17 December 2014

3rd Week in Mysore: In & About

Days kind of glide pass quickly, and its already my 3rd week in Mysore. What's the best thing i do without--- watch. 

Back home, i could throw quick glances at times from various places--- my watch ( if i'm wearing on on that day), the clock on my mobile, the clocks in the train station and the digital ones on the screen.

I literally could feel " chasing after time".

For the past 3 weeks, besides keeping track of the strict schedule of my yoga practice at the shala--- i basically breeze through my days feeling " on time all the time"--- vinyasa---- everything in synchronisation. 

Growing up in a bustling small city, it took me about 1 week to settle in for the many " waiting" moment. Waiting: to get a mat space ( 1- 1.5 hrs), for the food, for the electricity to power up ( they had improved, power trips in less now).... which did took a while for my patience to settle in. 

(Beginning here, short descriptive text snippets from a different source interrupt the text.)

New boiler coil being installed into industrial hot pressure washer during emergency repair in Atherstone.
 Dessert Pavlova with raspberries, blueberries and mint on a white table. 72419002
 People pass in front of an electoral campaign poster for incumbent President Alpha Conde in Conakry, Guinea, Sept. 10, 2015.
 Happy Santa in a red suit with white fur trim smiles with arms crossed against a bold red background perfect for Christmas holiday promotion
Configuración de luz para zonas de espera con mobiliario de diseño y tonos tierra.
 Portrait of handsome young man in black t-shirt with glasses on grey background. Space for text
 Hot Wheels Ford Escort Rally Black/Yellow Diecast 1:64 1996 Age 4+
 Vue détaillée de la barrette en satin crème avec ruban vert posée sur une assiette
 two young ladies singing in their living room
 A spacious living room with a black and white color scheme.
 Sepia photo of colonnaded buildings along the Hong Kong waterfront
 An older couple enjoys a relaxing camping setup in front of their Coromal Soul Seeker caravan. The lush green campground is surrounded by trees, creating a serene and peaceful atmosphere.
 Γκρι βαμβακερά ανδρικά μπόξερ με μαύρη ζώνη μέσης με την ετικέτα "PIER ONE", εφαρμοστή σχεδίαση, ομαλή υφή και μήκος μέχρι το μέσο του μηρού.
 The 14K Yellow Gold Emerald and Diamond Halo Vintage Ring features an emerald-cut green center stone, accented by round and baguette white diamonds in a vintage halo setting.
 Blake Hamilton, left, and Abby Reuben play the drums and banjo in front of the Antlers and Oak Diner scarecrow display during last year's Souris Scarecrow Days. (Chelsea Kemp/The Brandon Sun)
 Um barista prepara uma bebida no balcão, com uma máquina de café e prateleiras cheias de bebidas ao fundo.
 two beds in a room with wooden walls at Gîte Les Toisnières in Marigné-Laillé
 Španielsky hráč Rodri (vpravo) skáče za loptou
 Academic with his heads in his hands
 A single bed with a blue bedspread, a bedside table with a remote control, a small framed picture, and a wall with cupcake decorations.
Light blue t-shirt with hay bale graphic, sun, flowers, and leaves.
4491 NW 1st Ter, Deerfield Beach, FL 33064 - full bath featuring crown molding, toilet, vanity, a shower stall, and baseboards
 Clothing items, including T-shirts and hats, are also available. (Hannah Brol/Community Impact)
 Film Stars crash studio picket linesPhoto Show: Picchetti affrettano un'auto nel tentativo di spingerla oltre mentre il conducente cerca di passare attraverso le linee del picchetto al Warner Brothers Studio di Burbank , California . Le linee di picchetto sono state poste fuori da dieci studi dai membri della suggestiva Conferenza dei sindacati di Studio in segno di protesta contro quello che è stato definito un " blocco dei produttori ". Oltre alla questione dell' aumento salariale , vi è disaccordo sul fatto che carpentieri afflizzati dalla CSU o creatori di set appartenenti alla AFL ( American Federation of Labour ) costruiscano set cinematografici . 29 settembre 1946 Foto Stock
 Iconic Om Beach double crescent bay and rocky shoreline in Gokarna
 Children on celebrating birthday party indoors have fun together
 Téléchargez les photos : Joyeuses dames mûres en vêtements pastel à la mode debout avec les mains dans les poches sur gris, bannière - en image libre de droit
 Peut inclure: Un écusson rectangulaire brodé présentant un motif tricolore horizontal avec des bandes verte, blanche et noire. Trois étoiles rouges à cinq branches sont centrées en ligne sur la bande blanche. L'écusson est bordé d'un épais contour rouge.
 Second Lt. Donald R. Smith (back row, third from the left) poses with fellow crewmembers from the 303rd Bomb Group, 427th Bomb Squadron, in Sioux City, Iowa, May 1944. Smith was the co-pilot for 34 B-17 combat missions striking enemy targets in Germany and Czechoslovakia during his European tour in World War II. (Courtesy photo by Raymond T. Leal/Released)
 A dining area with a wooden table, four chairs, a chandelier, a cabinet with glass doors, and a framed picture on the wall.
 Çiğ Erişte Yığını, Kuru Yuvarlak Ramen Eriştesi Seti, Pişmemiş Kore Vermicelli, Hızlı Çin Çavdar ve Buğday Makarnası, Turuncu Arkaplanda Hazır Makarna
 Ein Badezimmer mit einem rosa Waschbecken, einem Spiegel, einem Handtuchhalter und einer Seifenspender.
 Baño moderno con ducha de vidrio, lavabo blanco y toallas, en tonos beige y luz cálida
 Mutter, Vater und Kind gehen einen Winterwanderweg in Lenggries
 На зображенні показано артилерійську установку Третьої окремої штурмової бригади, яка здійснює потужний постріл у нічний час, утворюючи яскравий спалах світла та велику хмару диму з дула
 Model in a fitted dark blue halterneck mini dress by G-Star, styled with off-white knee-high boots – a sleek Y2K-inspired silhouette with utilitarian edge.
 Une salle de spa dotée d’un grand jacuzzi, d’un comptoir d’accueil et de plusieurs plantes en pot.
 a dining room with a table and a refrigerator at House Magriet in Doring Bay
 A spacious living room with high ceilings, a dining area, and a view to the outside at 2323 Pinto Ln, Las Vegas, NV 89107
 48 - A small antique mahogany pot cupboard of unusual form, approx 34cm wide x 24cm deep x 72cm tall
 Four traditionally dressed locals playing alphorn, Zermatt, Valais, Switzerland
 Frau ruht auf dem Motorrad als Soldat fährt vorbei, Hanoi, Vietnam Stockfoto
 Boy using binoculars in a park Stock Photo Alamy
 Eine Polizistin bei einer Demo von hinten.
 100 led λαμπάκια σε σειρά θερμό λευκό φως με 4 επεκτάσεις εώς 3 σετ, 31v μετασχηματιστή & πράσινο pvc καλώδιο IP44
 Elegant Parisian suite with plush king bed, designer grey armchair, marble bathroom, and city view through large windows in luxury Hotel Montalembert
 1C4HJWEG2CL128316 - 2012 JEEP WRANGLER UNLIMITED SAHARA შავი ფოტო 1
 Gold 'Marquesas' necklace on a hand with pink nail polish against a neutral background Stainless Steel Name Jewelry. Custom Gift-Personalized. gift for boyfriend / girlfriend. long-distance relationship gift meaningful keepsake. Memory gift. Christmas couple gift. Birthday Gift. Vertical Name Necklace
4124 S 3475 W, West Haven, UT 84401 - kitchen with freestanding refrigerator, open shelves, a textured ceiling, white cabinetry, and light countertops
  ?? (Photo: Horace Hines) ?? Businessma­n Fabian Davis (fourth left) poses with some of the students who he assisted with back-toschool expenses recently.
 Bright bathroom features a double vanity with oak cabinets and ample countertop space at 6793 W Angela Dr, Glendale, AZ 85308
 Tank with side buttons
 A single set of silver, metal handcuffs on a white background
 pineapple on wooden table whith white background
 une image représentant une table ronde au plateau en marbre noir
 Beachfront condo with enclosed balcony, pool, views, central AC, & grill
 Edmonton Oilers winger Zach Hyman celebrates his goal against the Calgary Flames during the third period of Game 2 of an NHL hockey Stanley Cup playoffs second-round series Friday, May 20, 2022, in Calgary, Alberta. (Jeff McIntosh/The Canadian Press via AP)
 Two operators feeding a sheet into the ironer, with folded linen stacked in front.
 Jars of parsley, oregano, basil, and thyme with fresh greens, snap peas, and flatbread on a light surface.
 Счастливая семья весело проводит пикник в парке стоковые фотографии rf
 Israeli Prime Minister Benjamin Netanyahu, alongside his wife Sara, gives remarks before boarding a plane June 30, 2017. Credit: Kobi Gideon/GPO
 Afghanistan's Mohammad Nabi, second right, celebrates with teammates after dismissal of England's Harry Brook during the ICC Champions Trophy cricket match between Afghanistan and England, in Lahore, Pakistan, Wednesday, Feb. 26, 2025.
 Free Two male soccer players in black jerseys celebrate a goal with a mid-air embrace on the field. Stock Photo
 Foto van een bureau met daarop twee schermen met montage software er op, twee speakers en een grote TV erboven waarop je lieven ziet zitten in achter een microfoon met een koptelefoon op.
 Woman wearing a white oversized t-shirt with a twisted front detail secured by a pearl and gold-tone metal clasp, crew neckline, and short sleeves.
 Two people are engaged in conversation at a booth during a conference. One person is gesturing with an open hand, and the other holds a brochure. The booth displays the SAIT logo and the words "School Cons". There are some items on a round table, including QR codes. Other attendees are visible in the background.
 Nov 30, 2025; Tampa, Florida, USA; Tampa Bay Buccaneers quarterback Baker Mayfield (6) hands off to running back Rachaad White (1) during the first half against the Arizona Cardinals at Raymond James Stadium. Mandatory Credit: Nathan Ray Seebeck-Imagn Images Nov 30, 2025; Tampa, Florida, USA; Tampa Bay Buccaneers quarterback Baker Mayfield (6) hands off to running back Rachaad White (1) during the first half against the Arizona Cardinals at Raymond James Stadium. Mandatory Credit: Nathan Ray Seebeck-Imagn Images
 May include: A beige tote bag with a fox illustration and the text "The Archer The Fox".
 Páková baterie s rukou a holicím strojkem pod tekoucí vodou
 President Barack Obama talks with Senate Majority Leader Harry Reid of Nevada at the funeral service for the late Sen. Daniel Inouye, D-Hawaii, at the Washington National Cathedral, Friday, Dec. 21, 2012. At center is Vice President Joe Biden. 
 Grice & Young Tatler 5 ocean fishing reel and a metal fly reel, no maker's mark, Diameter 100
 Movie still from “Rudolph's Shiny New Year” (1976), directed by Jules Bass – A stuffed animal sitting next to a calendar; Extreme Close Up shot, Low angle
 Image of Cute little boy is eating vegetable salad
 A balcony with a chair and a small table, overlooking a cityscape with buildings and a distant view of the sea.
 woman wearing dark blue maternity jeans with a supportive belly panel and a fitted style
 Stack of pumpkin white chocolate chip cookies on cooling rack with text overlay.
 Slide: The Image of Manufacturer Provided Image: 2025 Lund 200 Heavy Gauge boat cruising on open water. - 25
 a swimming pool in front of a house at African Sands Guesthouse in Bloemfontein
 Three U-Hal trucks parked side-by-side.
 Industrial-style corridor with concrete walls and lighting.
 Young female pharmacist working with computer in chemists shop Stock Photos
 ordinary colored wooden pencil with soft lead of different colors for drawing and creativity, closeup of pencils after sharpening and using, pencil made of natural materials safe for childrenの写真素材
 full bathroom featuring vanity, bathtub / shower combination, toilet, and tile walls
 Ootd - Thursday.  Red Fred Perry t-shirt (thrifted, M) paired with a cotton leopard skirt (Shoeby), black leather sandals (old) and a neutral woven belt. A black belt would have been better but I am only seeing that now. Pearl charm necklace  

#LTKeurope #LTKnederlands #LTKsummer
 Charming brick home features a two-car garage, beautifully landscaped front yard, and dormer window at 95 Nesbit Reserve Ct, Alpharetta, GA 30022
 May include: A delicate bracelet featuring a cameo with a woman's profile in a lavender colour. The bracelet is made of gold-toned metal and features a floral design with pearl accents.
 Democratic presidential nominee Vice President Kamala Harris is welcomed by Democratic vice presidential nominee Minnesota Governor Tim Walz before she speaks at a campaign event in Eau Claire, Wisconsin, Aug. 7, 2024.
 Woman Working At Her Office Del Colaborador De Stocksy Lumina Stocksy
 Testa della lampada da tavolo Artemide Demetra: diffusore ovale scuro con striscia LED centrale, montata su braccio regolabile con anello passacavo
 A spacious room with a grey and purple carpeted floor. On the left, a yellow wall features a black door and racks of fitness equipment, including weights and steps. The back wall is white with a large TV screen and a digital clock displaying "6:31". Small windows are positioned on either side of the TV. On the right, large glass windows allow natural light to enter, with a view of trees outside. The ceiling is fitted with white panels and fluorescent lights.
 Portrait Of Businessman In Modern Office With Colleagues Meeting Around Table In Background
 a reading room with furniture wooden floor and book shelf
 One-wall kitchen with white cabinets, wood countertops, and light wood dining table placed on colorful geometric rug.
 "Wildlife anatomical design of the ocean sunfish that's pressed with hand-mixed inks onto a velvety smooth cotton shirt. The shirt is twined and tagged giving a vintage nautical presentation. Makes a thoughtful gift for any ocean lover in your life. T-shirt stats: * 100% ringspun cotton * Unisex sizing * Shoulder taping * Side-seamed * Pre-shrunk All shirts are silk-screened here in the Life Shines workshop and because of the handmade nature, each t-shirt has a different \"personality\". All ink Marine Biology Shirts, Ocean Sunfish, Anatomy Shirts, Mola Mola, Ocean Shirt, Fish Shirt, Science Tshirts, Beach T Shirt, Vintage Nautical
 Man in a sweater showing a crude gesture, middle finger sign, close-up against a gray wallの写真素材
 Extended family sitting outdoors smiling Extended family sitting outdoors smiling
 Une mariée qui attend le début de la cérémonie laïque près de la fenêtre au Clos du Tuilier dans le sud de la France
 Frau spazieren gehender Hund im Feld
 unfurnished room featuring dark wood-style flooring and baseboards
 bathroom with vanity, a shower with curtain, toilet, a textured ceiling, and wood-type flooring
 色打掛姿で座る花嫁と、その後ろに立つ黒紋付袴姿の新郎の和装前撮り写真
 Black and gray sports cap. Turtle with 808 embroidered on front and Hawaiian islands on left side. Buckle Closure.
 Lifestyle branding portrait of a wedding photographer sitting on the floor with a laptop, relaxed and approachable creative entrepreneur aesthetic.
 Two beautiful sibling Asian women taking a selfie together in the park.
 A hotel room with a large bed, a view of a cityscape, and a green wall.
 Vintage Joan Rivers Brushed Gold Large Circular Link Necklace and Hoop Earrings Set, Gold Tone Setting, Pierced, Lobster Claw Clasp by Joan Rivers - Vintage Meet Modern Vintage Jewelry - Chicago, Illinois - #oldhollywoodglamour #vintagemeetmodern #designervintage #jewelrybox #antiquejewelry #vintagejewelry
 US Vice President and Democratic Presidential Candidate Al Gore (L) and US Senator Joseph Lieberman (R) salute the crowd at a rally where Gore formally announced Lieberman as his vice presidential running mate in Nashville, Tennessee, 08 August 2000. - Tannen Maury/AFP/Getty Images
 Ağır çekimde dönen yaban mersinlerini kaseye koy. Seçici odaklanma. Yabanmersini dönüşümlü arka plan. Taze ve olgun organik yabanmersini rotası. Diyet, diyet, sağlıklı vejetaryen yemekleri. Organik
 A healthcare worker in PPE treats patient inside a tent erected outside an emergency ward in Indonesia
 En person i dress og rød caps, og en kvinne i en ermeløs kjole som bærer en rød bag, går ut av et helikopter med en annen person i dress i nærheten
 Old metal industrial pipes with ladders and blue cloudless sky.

This trip, less of " Out & About"... rather more of " In & About".

Why make so much effort to Mysore when i could have get my practice done back home?
I have to say, because it does make a huge difference. If you have been to Singapore, you may have experience how overwhelming distractions can be.

I'm still on a long road of the learning journey, i'm brutally honest that my absorption ability is greatly limited.
Injecting myself into the community in Mysore for short-term, carrying an intention to travel further and deeper into the other untouched corner of my inner world.

Does it worth the effort making a trip to Mysore, while stopping the flow of income and comfort?
Why do yoga,  its way too difficult? The practice is demanding, the poses are crazy... why bother doing it?

Those who were seen dancing 
were thought to be insane by
those who could not hear the music.

I particularly love this sentence by Friedrich Nietzsche. For we who understood, do not bother to further explain. For those who don't understand, any explanation would be redundant. 
Life is just self-explanatory. We don't talk through it, we experience. 
We don't choose either the easy or difficult task. We choose to do the right thing.
Picking the right thing neither necessarily is challenging nor easy--- its taking the next step that creates ripples of love ( not fear). 

I was reading this page by Malcolm Gladwell--- while he was exploring the idea of " desirable difficulties."  
In it, he mentioned that " to overcome a hurdle, we will overcome it better when we are force to think a little harder."

Whether we are talking about the " disgustingly challenging" poses planted through the whole yoga sequence; or in life...
When we spend a little more effort and a little more time for a moment, we are receiving better chance of making a right choice for ourselves. 

We have all the time in the world to do the things we find meaning in doing.
We've no time to spare for the things we don't connect with. 

I guess in the relativity of time, we all experience this... always. Don't you?